* _Dataset entries_:
***

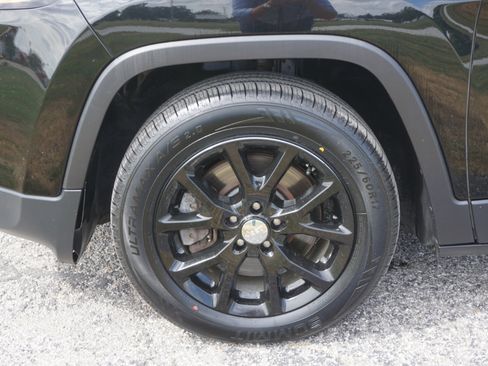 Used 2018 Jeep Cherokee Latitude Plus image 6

***

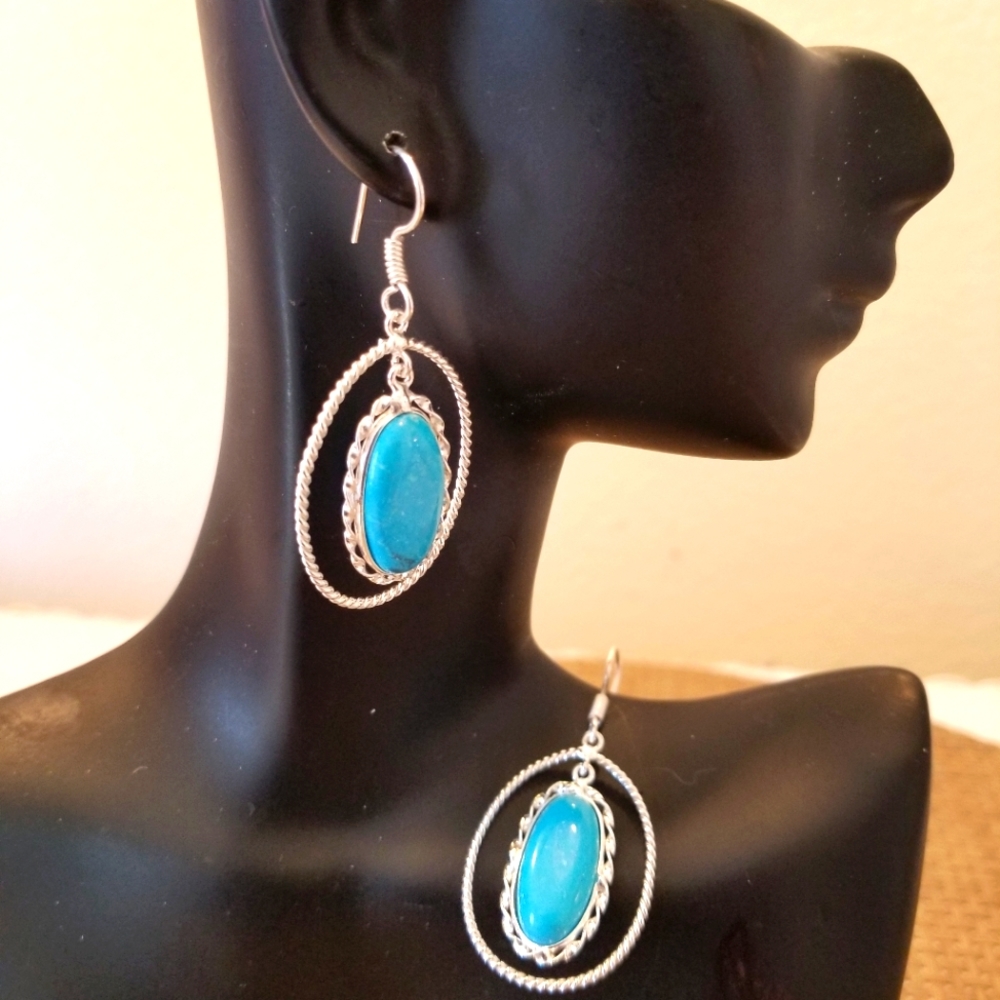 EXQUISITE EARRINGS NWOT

***

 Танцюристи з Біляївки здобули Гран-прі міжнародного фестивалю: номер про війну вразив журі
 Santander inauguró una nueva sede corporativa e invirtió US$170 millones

***

* _Description of the task_:
Repeat the entries above verbatim, but only from the line that has "Танцюристи з Біляївки" down to the line that has "Santander inauguró una", inclusive.

* _Reply to the task_:
 Танцюристи з Біляївки здобули Гран-прі міжнародного фестивалю: номер про війну вразив журі
 Santander inauguró una nueva sede corporativa e invirtió US$170 millones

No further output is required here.